Hakone has many geisha who use the Hakone Yumoto Kenban as a place to practice, perform, and gather. The kenban is a short walk from Hakone Yumoto Station. From Hotel Okada you can take the local bus back to Yumoto and take a short 5 minute walk to see the kenban. The walk from Okada Hotel is also a pleasant 15 minute downhill stroll along the Sukumogawa River and past other ryokan and places of interest.


The geisha of Hakone are usually reserved for performances for guests at the area ryokan and hotels, but there are performances throughout the year. The geisha house opens for public showings, special events, and can be entered on guided tours. Please check the front desk or Hakone tourism board for specific information during your time in Hakone.

photo: Odakyu Romance Car Facebook page

Walking by the kenban you may notice the hanging lanterns on the lower roof. These lanterns have the names of the geisha houses in the Yumoto area.
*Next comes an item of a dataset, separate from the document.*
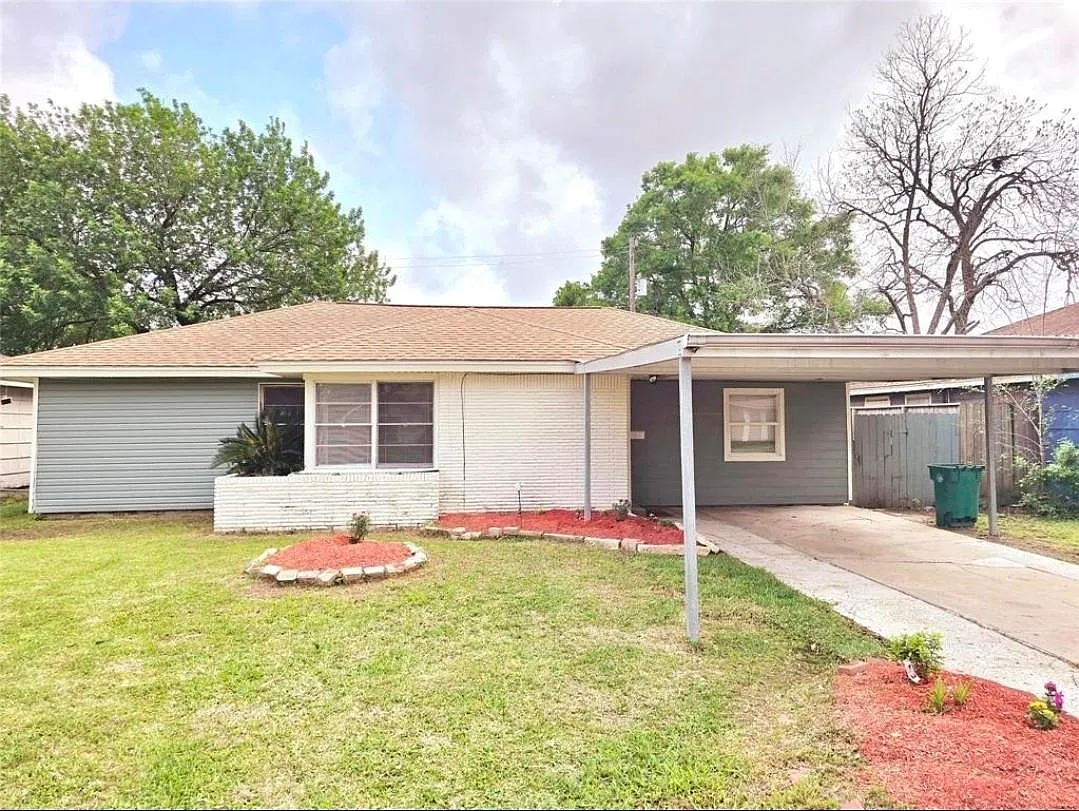 4 bed, 2.5 bath, 1925 sqft, $1,950 — Photo 4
Geisha are usually each a member of a different geisha house that provides guidance, training, and accommodation. Hakone is a rare place in Japan because there still many geisha houses in the area.

The geisha are embodiments of the refined arts of music, conversation, and entertainment. If you are lucky you when walking by the kenban, you can hear the geisha practicing their shamisen or koto.


The inside of the kenban was recently remodeled and has preserved its original look and structure with a new fresh design on the outside. There are reused obi, the thick sash used with the kimono, hanging from the walls giving the interior an artistic and modern look.

A typical day for the geisha starts with practice of their arts in the day, preparation for the evening in the afternoon, and performances in the evening. Walking around Yumoto you can discover places that cater to the geisha hidden in the back alleys. You can see the geisha getting their hair set early in the evening at a small local hair salon, walking the streets in their private clothes, but distinguishable from their beautifully set hair.


A typical geisha performance during a ryokan visit starts with polite greetings. The performances can be arranged one week before check-in date by mail and are subject to a separate fee. The geisha performs a dance to traditional music played on a shamisen. All the dancing moves are coordinated and have been refined over years of practice. Take your time to watch and appreciate the movements and grace of the performance. Geisha are also about making your time together valuable and enjoyable. Another part of the experience usually includes playing traditional games together, followed by a chance to converse and more entertainment.